To configure where seed examples are loaded from, use seed_datastore:

seed_datastore:
  type: default
  data_path: ${DGT_DATA_DIR}/public/examples/qa/seed_examples.jsonl

${DGT_DATA_DIR} resolves to the data/ directory at the repository root by default. You can override it by setting the environment variable.

For transformation tasks, the input dataset is configured under data:

data:
  type: default
  data_path: ${DGT_DATA_DIR}/public/examples/fact_triples/paragraphs.jsonl

Default datastore

The default datastore (type: default) supports reading from and writing to files in the following formats:

Readable formats: .jsonl, .json, .yaml, .parquet, .csv, .txt, .md, and HuggingFace dataset directories.

Writable formats: jsonl (default), parquet.

Large files (JSONL, Parquet, CSV) are loaded lazily to avoid reading everything into memory at once.

Key configuration fields:

Field Default Description
data_path None File path or glob pattern to read from. Supports ${VAR} expansion.
output_data_format jsonl Format for writing output: jsonl or parquet.
data_formats None Filter loaded files by extension (e.g., [".jsonl", ".json"]).
data_split train HuggingFace dataset split name, when loading from a dataset directory.

Glob patterns are supported in data_path (for example, data/chunks/**.jsonl loads all matching files). Multiple files are concatenated in the order they are found.

Multi-target datastore

The multi_target datastore writes to multiple backends simultaneously. The primary store is the read source; secondary stores receive writes on a best-effort basis (failures are logged but do not stop the run).

formatted_datastore:
  type: multi_target
  primary:
    type: default
    output_data_format: jsonl
  additional:
    - type: default
      output_dir: /backup/outputs
      output_data_format: parquet

This is useful when you want to archive output to a secondary location (remote storage, a different format) without making it a hard dependency of the run.
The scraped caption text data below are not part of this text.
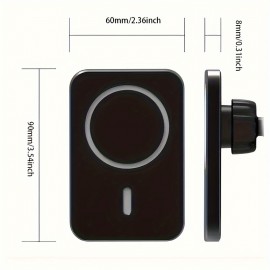 15W Super-Fast Wireless Magnetic Car Charger For 15 14,13,12,11/Pro/Max/Mini/Plus, X, XR, XS/Max, SE - Air Vent Phone Holder & Macsafe Fast Charging Station Prime Day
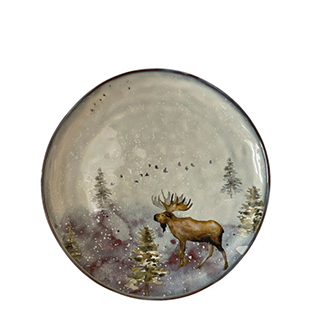 PLATE HOLLY ELK SMALL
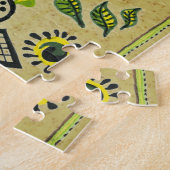 ひまわりフォーク模様 ジグソーパズル (側面)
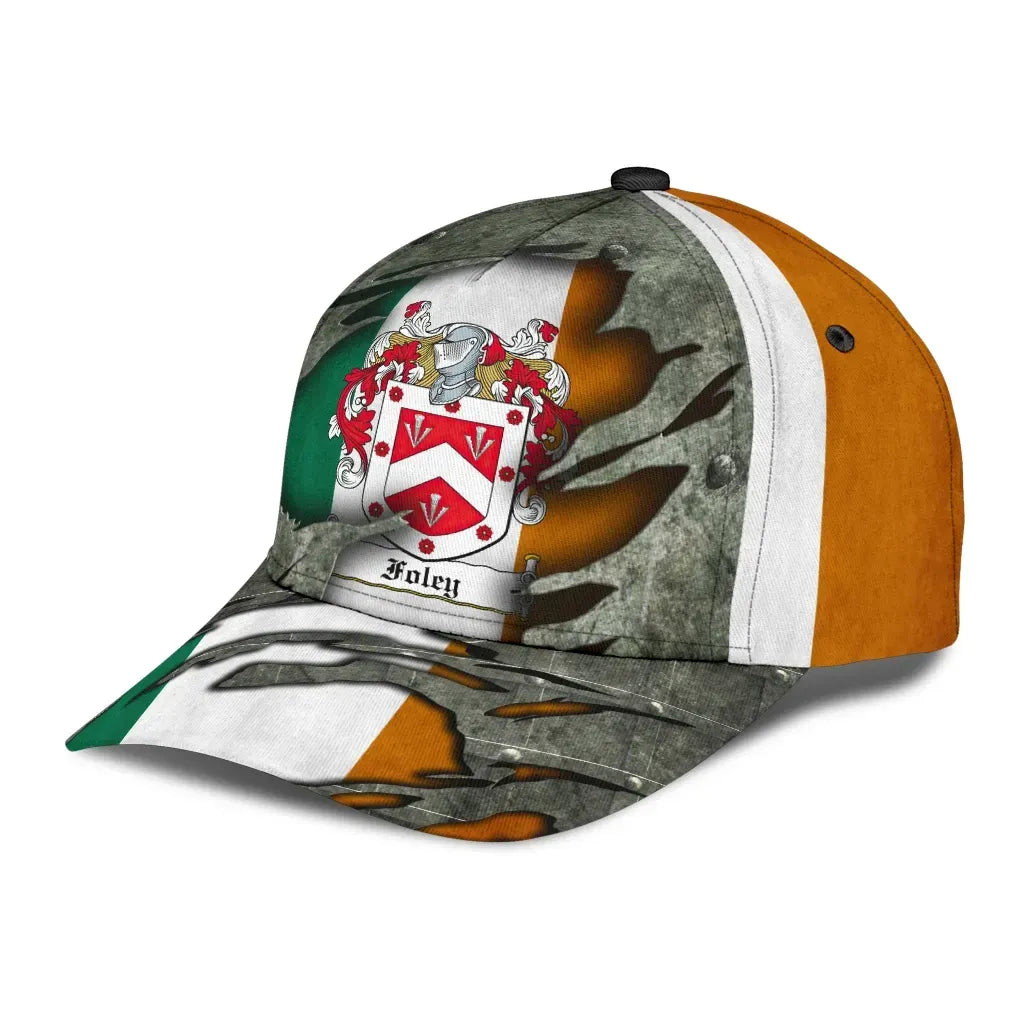 Clan Foley Coat Of Arms - Irish Family Crest Classic Cap UM60 Foley Coat Of Arms Irish Cap   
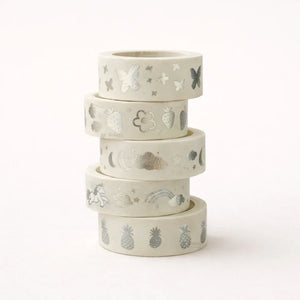 Silver_Foil_Decorative_Washi_Tape_Set_12 - Bakeyy.com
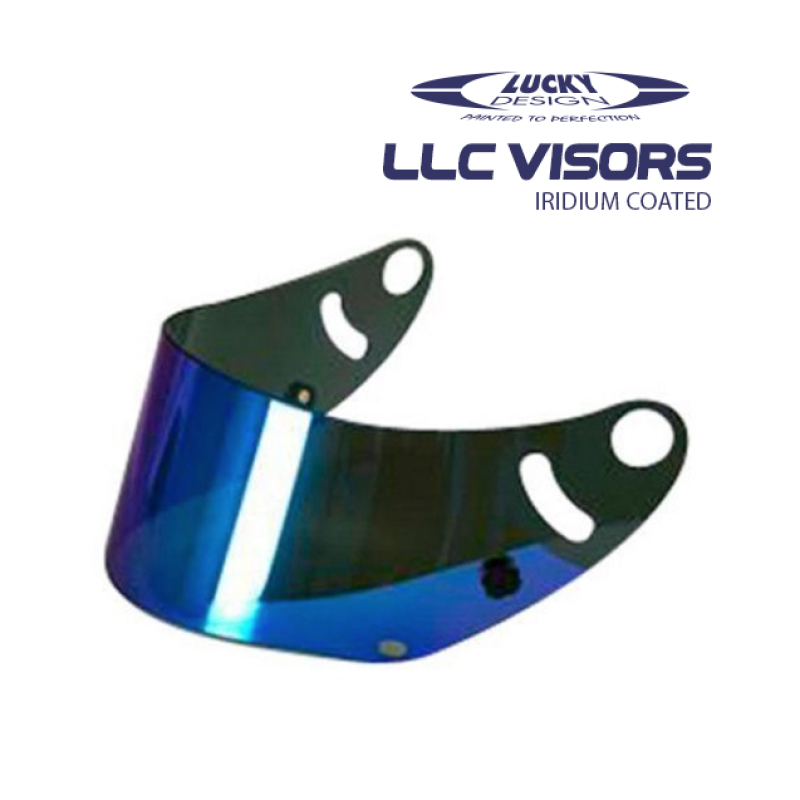 Lucky Design LLC Visor - suits Arai SK6 - Blue |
Implementing a custom datastore

All datastores inherit from Datastore and must implement:

  • exists(): return True if previously persisted data is present
  • clear(): delete all stored data
  • save_data(data): write records to the backing store
  • load_iterators(): return a list of iterators over stored records
  • load_data(): return all stored records
  • close(): release any open handles

Register with @register_datastore("my_type") and reference by type: my_type in YAML.